Today, Nancy wakes up and looks at her ceiling, and the fly isn’t there.

She cannot move. Her eyes wander without focus in the vast white space. Any second now, the fly will enter her field of vision, and she will cling to it.  She is clawing, she is spinning delirious and directionless in the stucco sea. Any moment, there it will be. There it will be. Nancy feels her heartbeat pick up with each passing second spent staring at that blank fucking ceiling.

She throws herself out of bed. Blood rushes to her head and she wobbles and crashes against her bedroom wall. It must be in the house. She stumbles to the lamp on her bedside table and rips off the shade. No, not fried by the light. She goes to the closet and pulls her clothes off their hangers, where, where, no not here. She slams the door open and rushes into the kitchen. She examines every inch of air. Not on the tally notes, not on the cabinets, not on the window. She opens the fridge door and leaves it hanging open, no, not in the fridge. She scans the counters. Not on the knives, not on the phone, not on the sink, not on the bottle, not on the drawer handles. Not on the bottle.

The bottle, the bottle.

There it is, still. It is screaming at her.

        With swift violence, Nancy picks up the bottle and sends it flying across her kitchen. It smashes to smithereens against the wall and the shards go skittering out across the tile in all directions. One, and then two, and then four Stickie Notes come loose from the wall and float downwards.

Nancy stands motionless for either a few moments or a few hours, staring at the tile patterns on her kitchen floor, tracing a right angle and another right angle and another right angle and oh, a square, that makes a square, but I meant to make, I meant to make, let me try again, a right angle, a right angle, a right angle a right angle a right angle a right angle a right angle a right angle a right angle a right angle a right angle a right angle a right angle a right angle         

And her eyes snap into focus. She kneels and leans forward, reaching out over her wreckage, and she plunges her hand under the broken glass and feels her skin catch on a shard and split open. She pulls out the message, leaving a thin river of red running between the shards. She reads.

Hello. My name is Mohinder Patel. I’m a career counselor. I am very unhappy. But I wanted you to know I hear you singing every day during my lunch break. This is the best thing about my life. I don’t know who you are, but I had to tell you somehow.

        Nancy holds the message. The sting has not yet arrived in the cuts on her hand, only the faint pressure. She can hear the screams of seagulls outside the window. Slowly, she begins to look up from the note and already, in her mind’s eye, she can see him walking towards her, picking his way through the field of green glass shards, on tiptoes. Yes, on tiptoes. She knows that when she looks up, she will see him, her son, her boy, walking to her on his tiptoes, wading through miles of water, across oceans.
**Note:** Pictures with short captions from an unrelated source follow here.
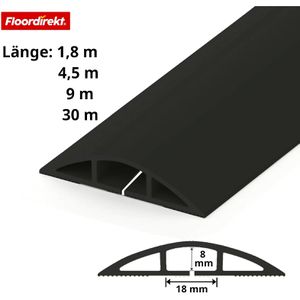 Produktbild für Kabelbrücke Floordirekt Cable Guard, 1 Kanal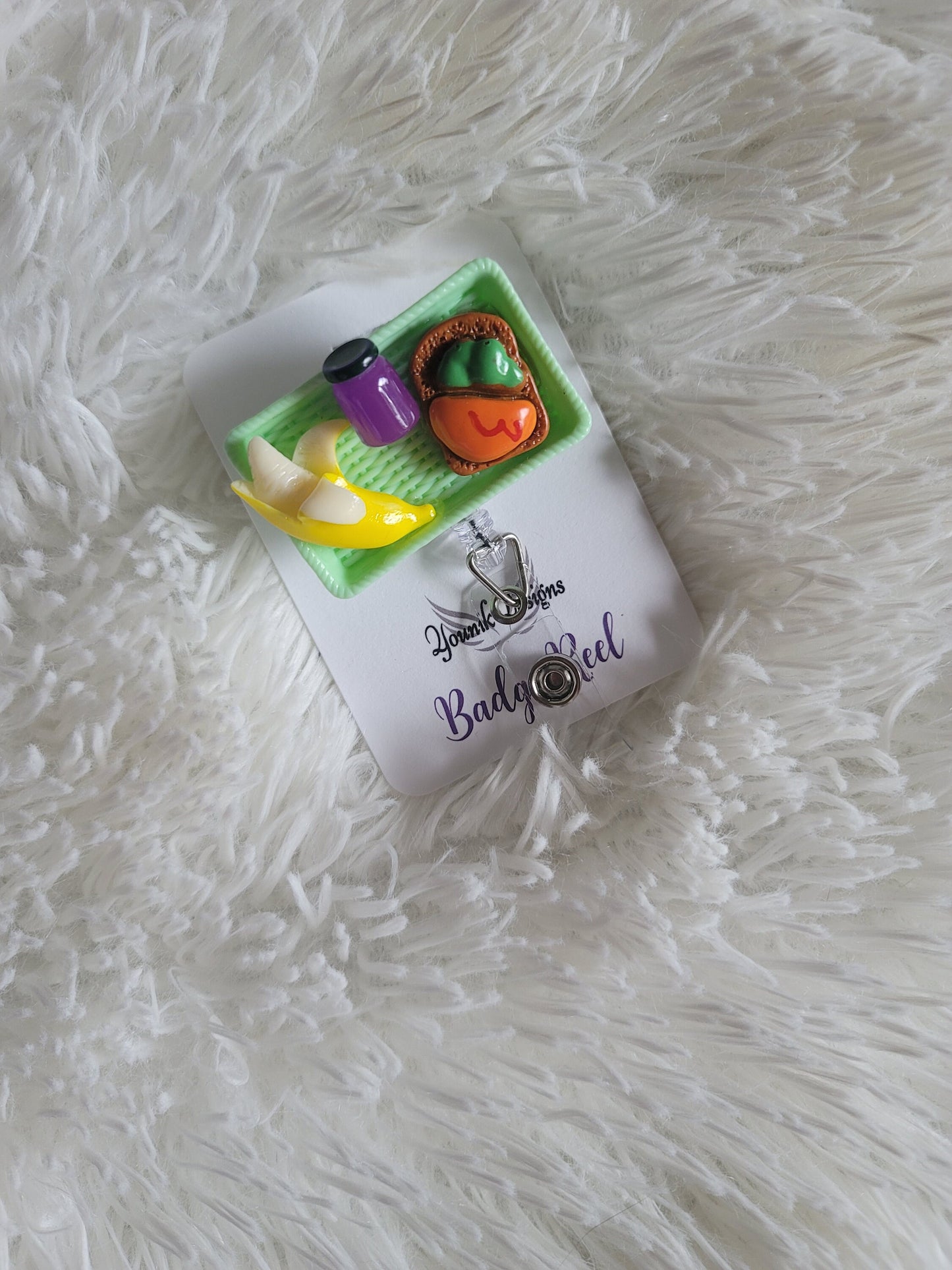 Lunch Tray Badge Reel or Lanyard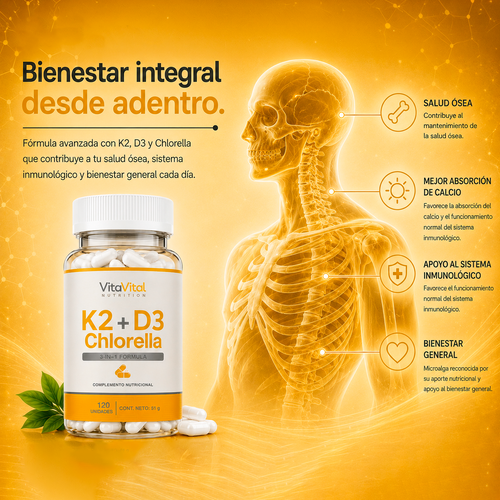 K2 + D3 + Chlorella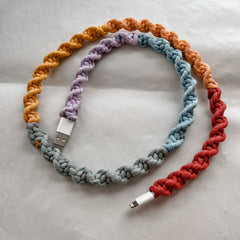 Macrame Phone Charger: Recycled Cotton Cord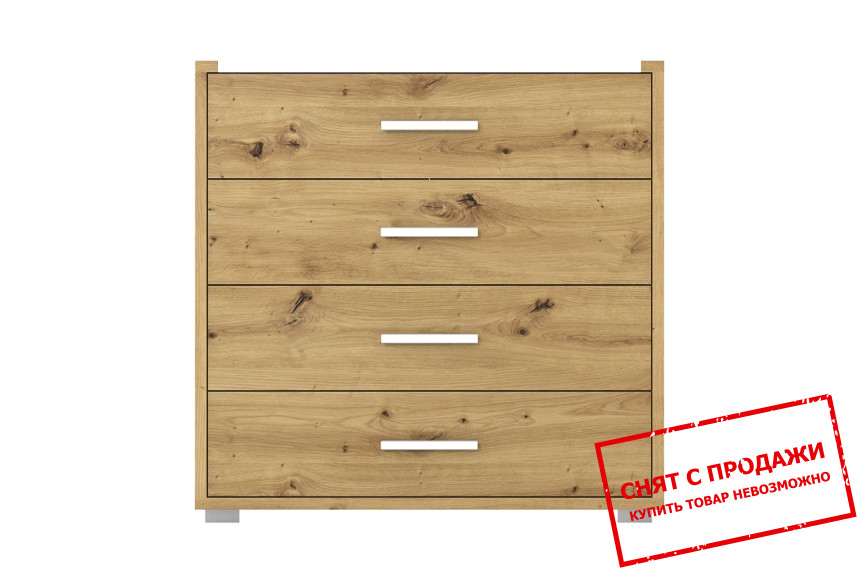 Комод Рутения / Rutenia KOM4S Гербор с 4 ящиками Дуб артизан/нимфеа альба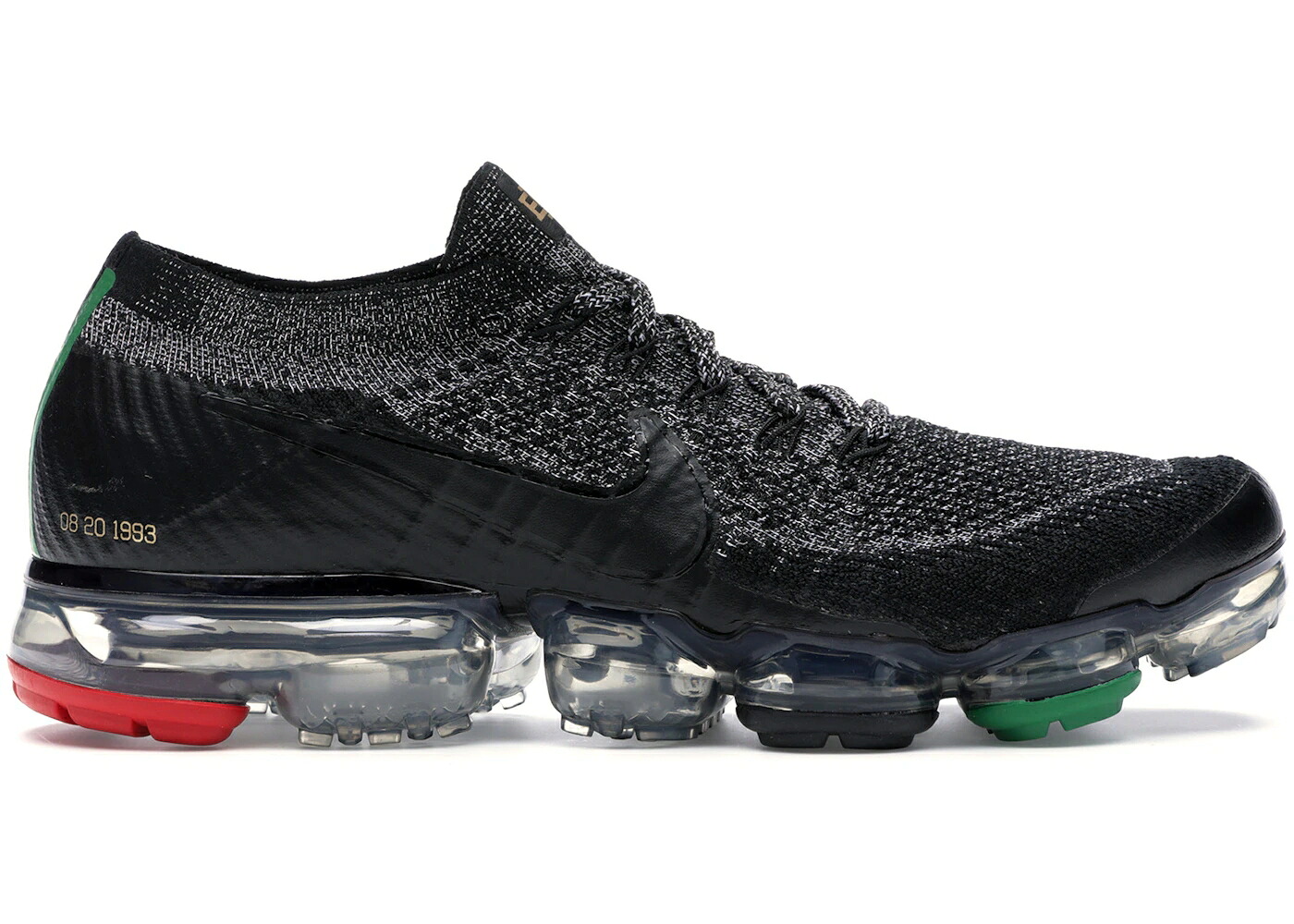 ナイキ 黒色 ブラック 白色 ホワイト ゴールド エアヴェイパーマックス スニーカー メンズ NIKE AIR VAPORMAX BLACK HISTORY MONTH (2018) / BLACK BLACK WHITE METALLIC GOLD|スニケス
        Nancy raises her head and does not see him. The fly has landed on the faucet of her kitchen sink. It is looking at her. The iridescent multitudes in its eyes sparkle as they twitch. She stares at its wings jittering through the air, even as it stays grounded, she looks at it and it looks at her, and she grips the note, and she feels blood running down, down and clinging to her fingertips for just a moment, and then slowly slipping away, drop by drop, to the tile floor. And Nancy looks up past the fly, up and out through the window, where the sky is cloudless, and the moon hangs faintly visible in the daylight, and she looks out at the tall grasses bending over on the dunes, and out past the grass to where the waves harry the shore, and farther to where the water darkens and the bottom drops off into an abyss, and over the abyss through miles and miles of water, breaking through the surface on the other side of the planet’s curve, out into open air, miles and miles of air, out to where there is no more air, only black, only rare star-specks, only endless space and miniscule planets and their moons, and Nancy kneels on her kitchen floor, and she opens her mouth and laughs.